Le vicende che legano Marley e Sue Sylvester cercano l’emozione spicciola, quella di pancia. Stavolta, però, il risultato è piuttosto deludente. Passi che Sue faccia l’ennesimo salto della barricata, rendendosi conto d’essere diventata cinica e meschina – ma quante volte dovrà capirlo prima di cambiare? –, passi anche l’effrazione per montare un albero con pacchi regalo, ma la dedica finale da parte del Glee Club nei confronti di Sue è surreale. Ci siamo già dimenticati come, nello scorso episodio, Sue abbia fatto di tutto per devastare ogni sogno o speranza di quei ragazzi? Di come li abbia umiliati e derubati di ogni cosa? Io non capisco. Se si decide di prendere una direzione, perché poi bisogna sempre pentirsene in fretta e furia?
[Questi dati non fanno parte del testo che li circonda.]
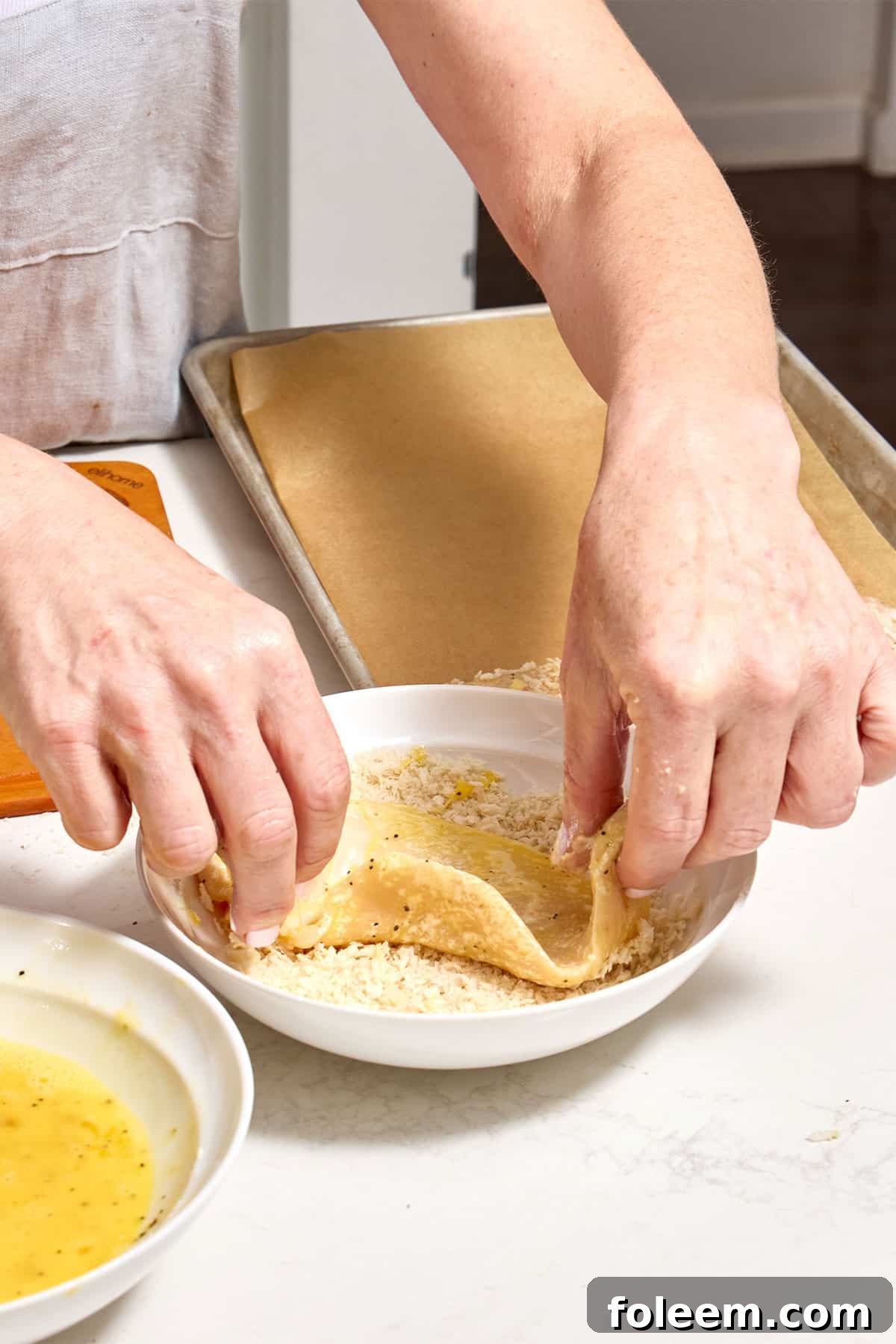 Woman dredging egg-coated chicken cutlet in panko breadcrumbs.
Surreale è anche quanto accade ai fratelli Puckerman, una storia fondamentalmente inutile e messa lì per disegnare l’ennesimo “miracolo” natalizio, consistente stavolta nell’incontro e nell’amicizia tra le loro madri, unite dall’odio verso lo stesso uomo. Lasciamo perdere, di nuovo.
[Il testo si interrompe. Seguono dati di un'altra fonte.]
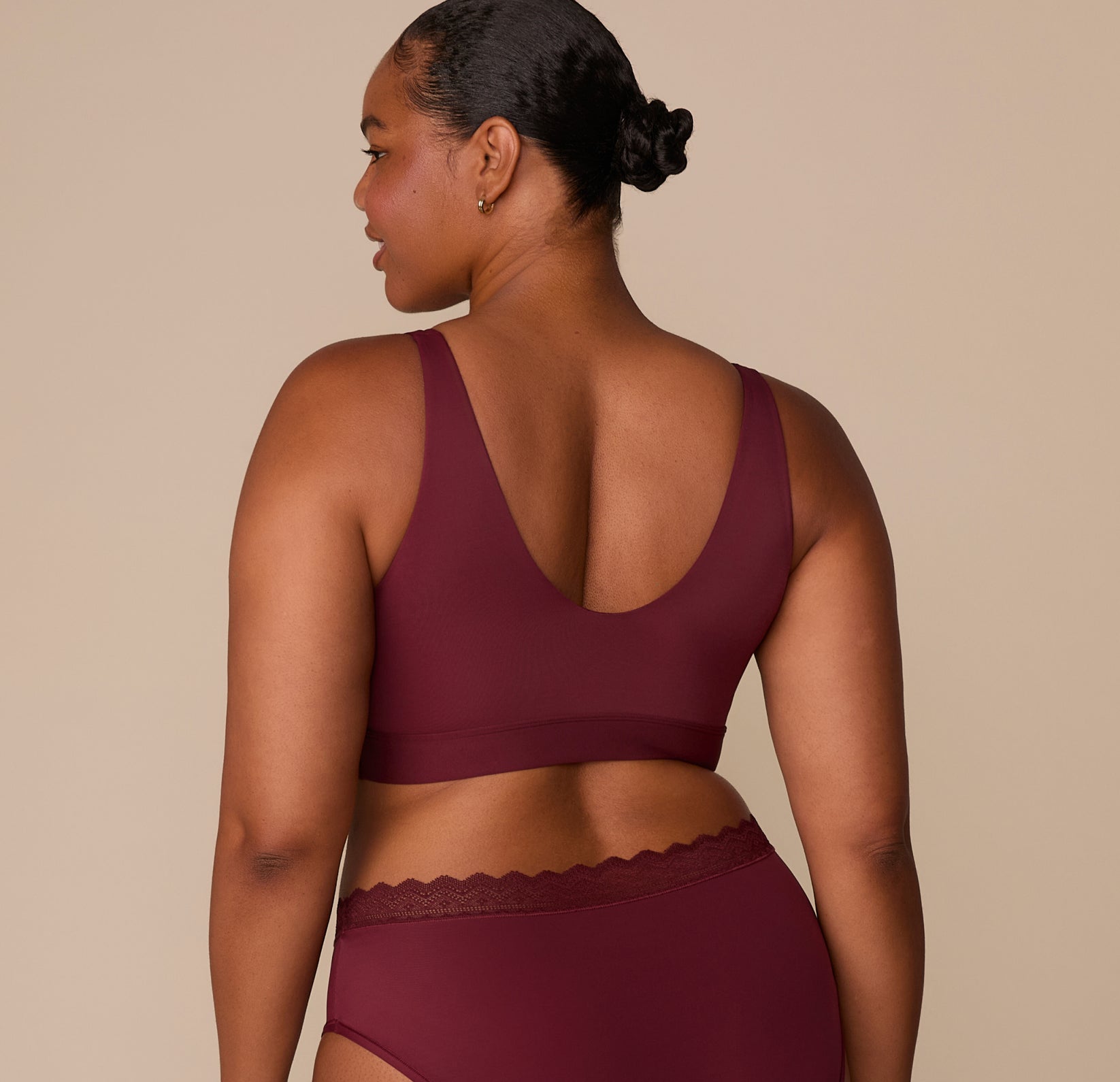 Back view of Zarria showing the seamless band and low scoop back of the Bliss Bralette in Bordeaux.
Unica parte vagamente interessante è quella riguardante – guarda caso – New York, incentrata su Kurt. La visita del padre conferma per l’ennesima volta come i due attori funzionino alla perfezione nel simulare una serenità familiare. Certo, ci si domanda la necessità di infilarci l’ennesimo dramma – il cancro alla prostata – se poi è in realtà, data la facilità con cui verrà curata, funzionale esclusivamente a far arrivare Blaine a New York per l’abituale duetto di Natale. Se “White Christmas” non raggiunge minimamente la bellezza della performance dello scorso anno, almeno le difficoltà sentimentali tra i due non vengono superate con un bacio sotto il vischio. D’altro canto, però, c’è da capire quanto vogliano tener banco con le loro vicende sentimentali prima di mettere un punto fermo.
Voto: 4 ½
Alla fine Glee è anche questo. È anche chiedersi come sia possibile che due episodi successivi possano essere così diversi sotto tutti i fronti: quello musicale (indubbiamente vinto dalla nona puntata), quello della scrittura e dell’emozione. Troppe cose non funzionano in questa serie. Speriamo che la pausa natalizia possa fare del bene.